**Assigned task**. Could you transcribe each entry below exactly, minus the images?

**Raw data**.

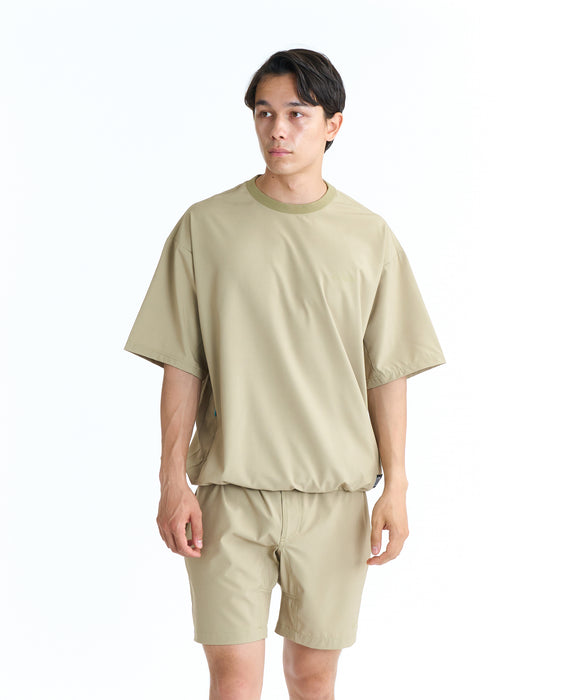 REEF BAJA DRY SS T Tシャツ / セットアップ対応【2026年春夏モデル】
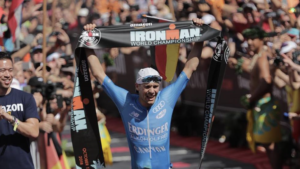 Patrick Lange Blasts Through One Last Year Before Retirement: ‘One More Time Kona, One More Time Roth’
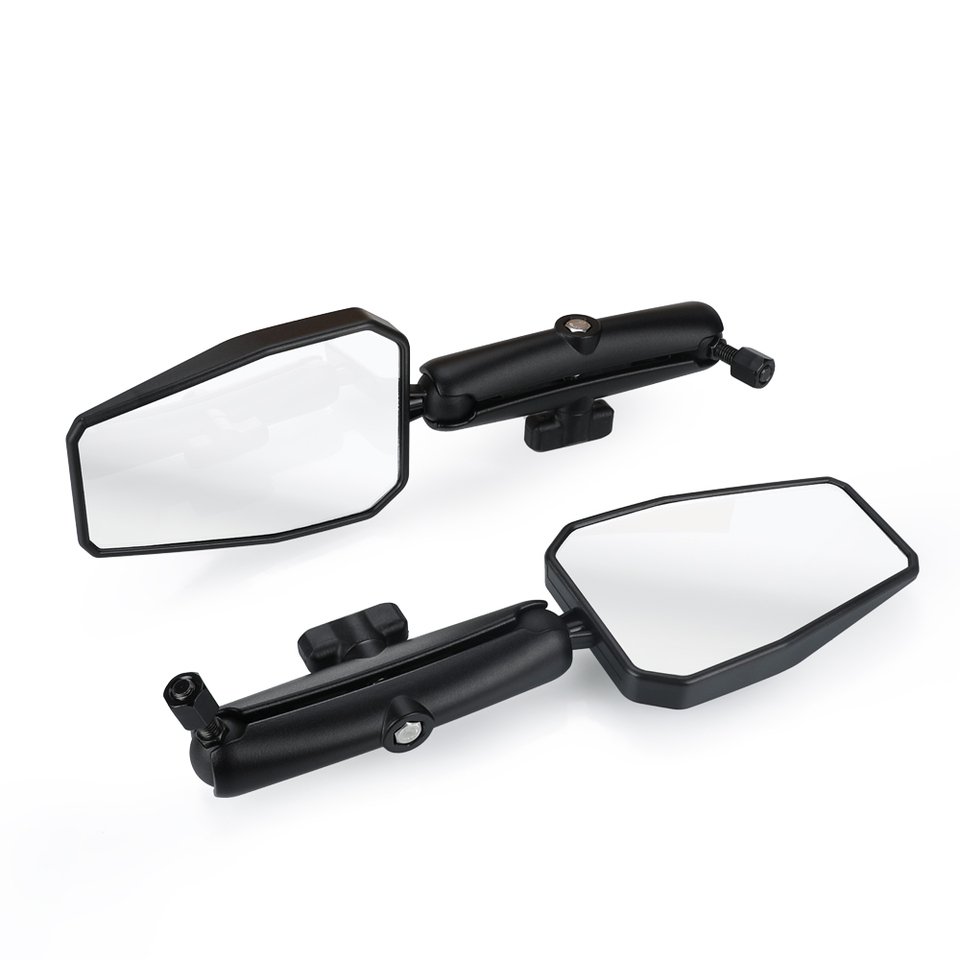 

Для SUZUKI DR650 DR650S DR650SE DR 650 S SE 1996-2023 2024 Зеркало заднего вида для мотоцикла Боковые зеркала заднего вида Складные зеркала
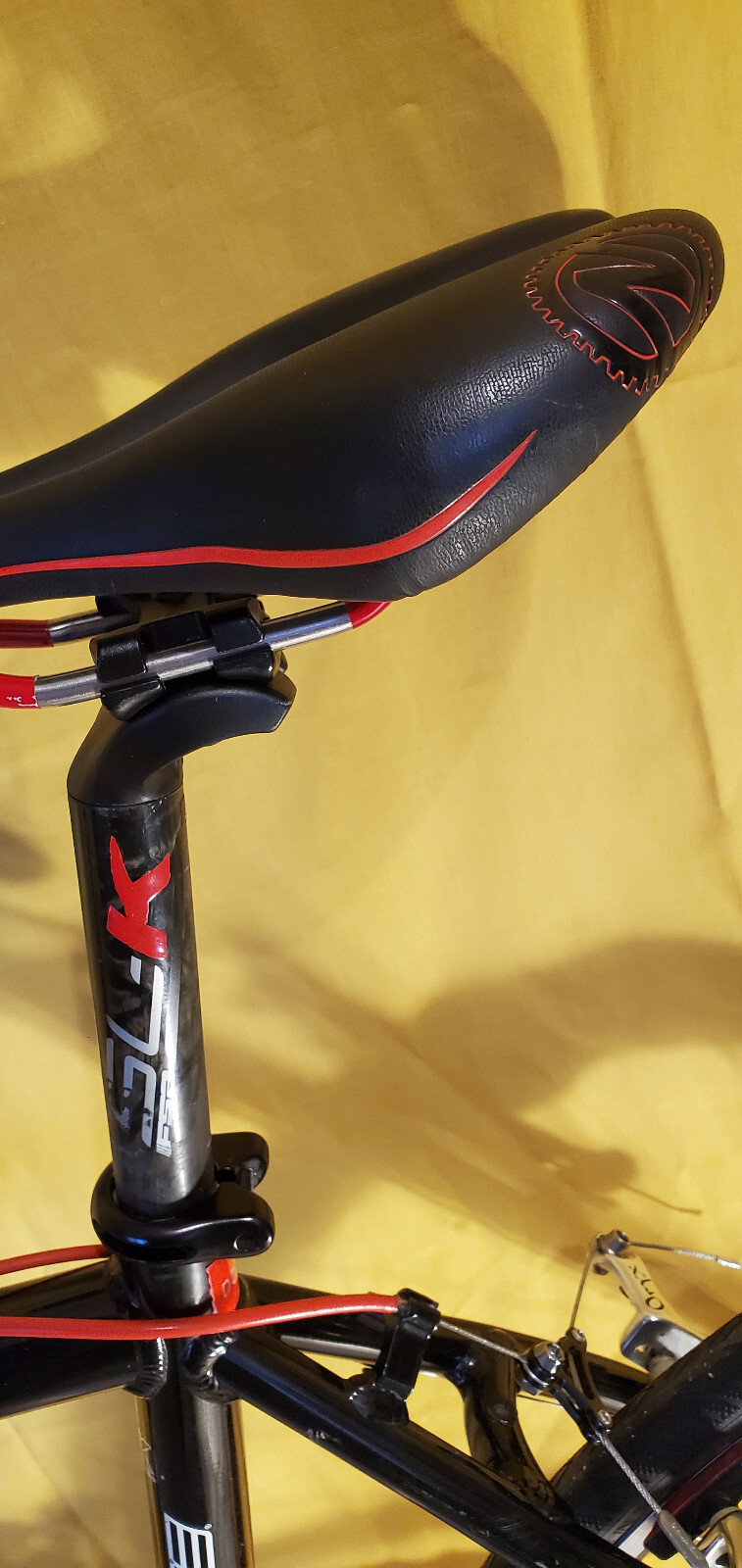 Redline Conquest Pro - Ultra light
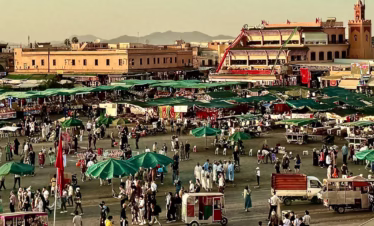 Morocco 7 days tour from Casablanca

**Result of this exercise**.
 REEF BAJA DRY SS T Tシャツ / セットアップ対応【2026年春夏モデル】
 Patrick Lange Blasts Through One Last Year Before Retirement: ‘One More Time Kona, One More Time Roth’

Для SUZUKI DR650 DR650S DR650SE DR 650 S SE 1996-2023 2024 Зеркало заднего вида для мотоцикла Боковые зеркала заднего вида Складные зеркала
 Redline Conquest Pro - Ultra light
 Morocco 7 days tour from Casablanca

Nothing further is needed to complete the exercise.